Solution sketch (step-by-step)

Step	Reasoning
1 . Write the equation	$a^{2}x^{2}-\bigl(3a^{2}-8a\bigr)x+\bigl(2a^{2}-13a+15\bigr)=0$.
2 . Compute the discriminant $D$	$D=\bigl(3a^{2}-8a\bigr)^{2}-4a^{2}\bigl(2a^{2}-13a+15\bigr)$.

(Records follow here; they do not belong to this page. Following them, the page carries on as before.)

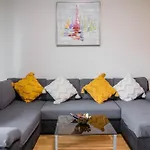 Newly Built Apartment With Balcony, Ac And Free Indoor Garage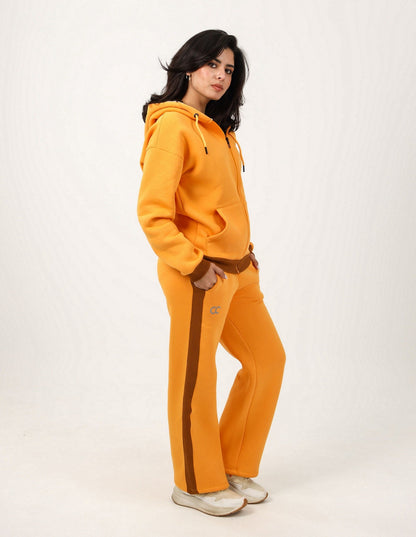 Bi-Tone Tracksuit Set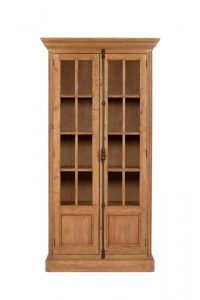 A photograph of a living room cabinet, furniture photography by Cal Carey Photography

3 . Simplify $D$	$D=a^{4}+4a^{3}+4a^{2}=a^{2}(a+2)^{2}=\bigl[a(a+2)\bigr]^{2}$ – already a perfect square, so roots are always rational.

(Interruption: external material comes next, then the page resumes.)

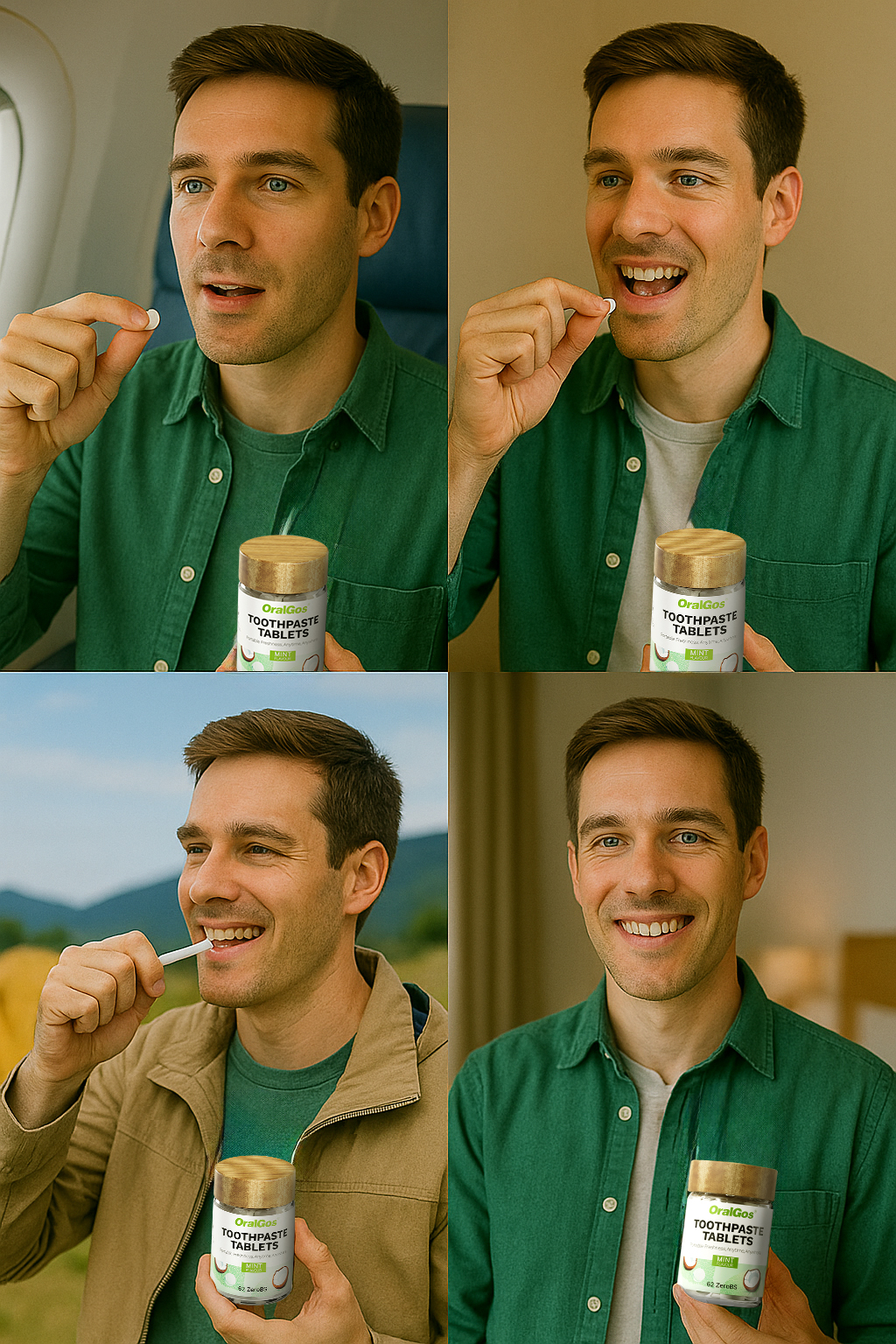 ZeroBS Toothpaste Tablets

4 . Write the roots explicitly	$x=\dfrac{3a^{2}-8a\;\pm\;a(a+2)}{2a^{2}}$. Splitting the ± gives $\displaystyle x_{1}=2-\frac{3}{a},\qquad x_{2}=1-\frac{5}{a}$.
5 . Demand an integer root	For at least one of $x_{1},x_{2}$ to be an integer, its fractional part must vanish: * $x_{1}$ is integer ⇒ $\tfrac{3}{a}$ is integer ⇒ $a\mid 3$ ⇒ $a=1$ or $3$.* $x_{2}$ is integer ⇒ $\tfrac{5}{a}$ is integer ⇒ $a\mid 5$ ⇒ $a=1$ or $5$.

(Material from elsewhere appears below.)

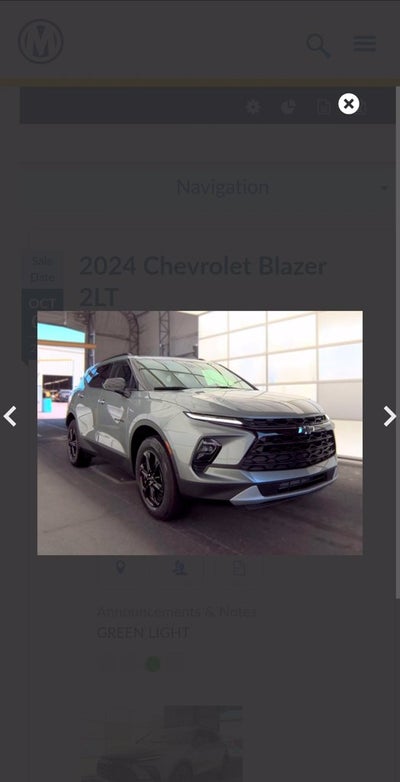 2024 Chevrolet Blazer LT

6 . Collect admissible $a$ (non-negative, and $a\neq0$ so the equation stays quadratic)	$a\in\{1,3,5\}$.
7 . Check each $a$ quickly	$a=1:\;x^{2}+5x+4=0$ ⇒ $-1,-4$ OK.$a=3:\;9x^{2}-3x-6=0$ ⇒ $1,\,-\frac23$ OK.$a=5:\;25x^{2}-35x=0$ ⇒ $0,\,\frac74$ ⇒ at least one integer root (0) OK.
8 . Sum them	$1+3+5=9$.

Answer

$$\boxed{9}$$

So the sum of all non-negative integers $a$ for which the given quadratic has at least one integer root is 9.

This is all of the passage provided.